Blues guitarist Lowell Fulson recorded steadily from 1946 onwards, and performed regularly on the US and European club circuits into the 90s. One of the founding fathers of West Coast blues, Fulson blended the rural blues of his home state Oklahoma, with the modern sounds of urban California. Fulson was raised in Atoka, close to the Texas border, and began his career performing with string bands and backing country blues vocalist Alger ‘Texas’ Alexander in the late 30s.

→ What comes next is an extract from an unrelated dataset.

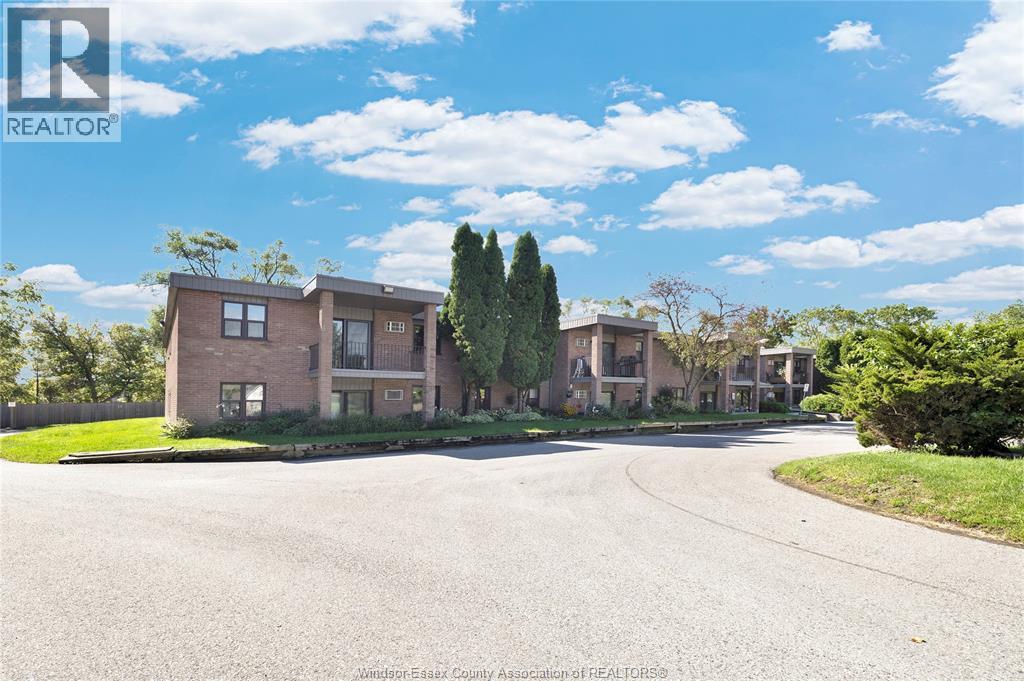 #A205 12 Montgomery - 28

During World War II he was stationed in Oakland, California, where he met record producer Bob Geddins. Following his discharge from the US Navy, Fulson recorded for several labels under the direction of Geddins, including Big Town, Down Town, Gilt Edge and Trilon. His first hit came in 1950 on the Swing Time label when he reworked Memphis Slim’s ‘Nobody Loves Me’ into ‘Every Day I Have The Blues’. At that time his 12-piece orchestra included a young Ray Charles on piano and tenor saxophonist Stanley Turrentine.

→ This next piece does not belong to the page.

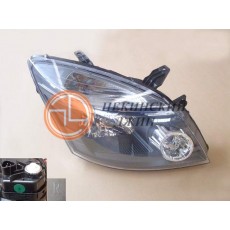 Фара головного света правая hover h3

Fulson recorded for Aladdin Records in 1953 and then switched to Checker Records, a subsidiary of Chess Records, the following year. His first side for that company, ‘Reconsider Baby’, was later covered by Elvis Presley and became a blues standard. Fulson stayed with Checker Records into the early 60s and then moved to Kent Records, who changed the spelling of his name. Now recording in a more contemporary and commercial soul-blues vein, Fulson’s biggest hits for Kent were ‘Black Nights’ in 1965 and ‘Tramp’ a year later. The latter song, co-written with Jimmy McCracklin, was later a duet hit for Otis Redding and Carla Thomas.